If the disease is in full remission and the proposer has been off treatment for two to four years then +75% could be considered reducing to +50% after four to five years, and if greater than five years, ordinary rates could be considered.

The risk of kidney, heart and cerebral involvement as well as the general unpredictable and widespread nature of the condition presents an extra risk for critical illness cover. Within three years of onset, the application would be postponed and in the fourth year, a 200% loading would apply falling to 150% thereafter.

Sickness-related benefits

The extra morbidity risk associated with the condition is considerable due to the widespread nature of the symptoms, particularly the joint involvement and also the complications of long-term treatment with steroids and other powerful toxic medication.

Permanent and total disability benefit, waiver of premium benefit and income protection are unlikely to be offered unless there have been no symptoms or treatment for at least five years.

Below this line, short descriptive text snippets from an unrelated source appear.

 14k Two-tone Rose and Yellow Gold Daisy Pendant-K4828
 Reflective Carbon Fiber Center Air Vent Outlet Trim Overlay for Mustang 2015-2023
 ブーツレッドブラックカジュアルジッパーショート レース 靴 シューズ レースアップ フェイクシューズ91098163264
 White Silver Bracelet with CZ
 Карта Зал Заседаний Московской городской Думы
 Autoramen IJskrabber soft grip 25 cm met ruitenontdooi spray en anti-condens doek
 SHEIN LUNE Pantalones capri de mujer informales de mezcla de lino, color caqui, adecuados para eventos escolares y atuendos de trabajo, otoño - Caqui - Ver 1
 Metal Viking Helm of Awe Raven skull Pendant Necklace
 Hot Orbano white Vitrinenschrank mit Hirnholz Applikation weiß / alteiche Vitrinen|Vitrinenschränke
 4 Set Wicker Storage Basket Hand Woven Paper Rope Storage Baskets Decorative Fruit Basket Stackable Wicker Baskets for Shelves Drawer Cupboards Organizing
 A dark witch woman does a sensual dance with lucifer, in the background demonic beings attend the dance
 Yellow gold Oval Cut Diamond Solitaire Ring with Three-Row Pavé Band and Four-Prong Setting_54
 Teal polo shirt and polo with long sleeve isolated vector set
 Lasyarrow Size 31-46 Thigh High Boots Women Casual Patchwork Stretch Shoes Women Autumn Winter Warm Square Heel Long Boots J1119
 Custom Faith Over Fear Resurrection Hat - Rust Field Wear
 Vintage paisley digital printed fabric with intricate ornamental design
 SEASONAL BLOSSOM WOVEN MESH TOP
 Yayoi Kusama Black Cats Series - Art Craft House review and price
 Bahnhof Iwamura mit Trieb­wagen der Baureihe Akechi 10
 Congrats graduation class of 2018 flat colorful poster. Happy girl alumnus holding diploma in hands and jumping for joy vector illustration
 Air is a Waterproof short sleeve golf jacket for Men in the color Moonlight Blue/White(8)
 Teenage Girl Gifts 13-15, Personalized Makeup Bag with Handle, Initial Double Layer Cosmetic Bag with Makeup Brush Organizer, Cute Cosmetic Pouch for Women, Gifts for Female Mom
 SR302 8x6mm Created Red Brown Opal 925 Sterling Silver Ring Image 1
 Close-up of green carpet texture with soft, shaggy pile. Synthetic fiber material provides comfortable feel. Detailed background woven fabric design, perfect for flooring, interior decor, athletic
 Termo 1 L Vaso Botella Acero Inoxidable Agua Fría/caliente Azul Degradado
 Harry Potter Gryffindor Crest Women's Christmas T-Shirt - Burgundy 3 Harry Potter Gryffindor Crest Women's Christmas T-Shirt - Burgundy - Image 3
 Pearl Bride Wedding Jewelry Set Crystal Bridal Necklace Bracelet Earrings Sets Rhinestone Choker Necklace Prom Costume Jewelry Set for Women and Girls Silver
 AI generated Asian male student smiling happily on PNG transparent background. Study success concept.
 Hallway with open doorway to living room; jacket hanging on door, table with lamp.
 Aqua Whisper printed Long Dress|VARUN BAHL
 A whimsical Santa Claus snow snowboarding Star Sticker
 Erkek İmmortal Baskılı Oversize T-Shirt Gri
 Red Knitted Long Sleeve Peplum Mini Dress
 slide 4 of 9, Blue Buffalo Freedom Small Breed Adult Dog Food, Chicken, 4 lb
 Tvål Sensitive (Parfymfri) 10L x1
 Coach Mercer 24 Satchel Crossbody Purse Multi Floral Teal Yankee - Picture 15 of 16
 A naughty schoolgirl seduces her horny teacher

As with any auto-immune and chronic relapsing and remitting condition the course of the disease will vary widely and each proposal must be assessed on an individual basis depending on length of time since diagnosis, the severity of the symptoms and any major organ involvement. Terms will vary widely according to these factors ranging from ordinary rates in the best scenario to declinature where the condition is in its most severe and aggressive form.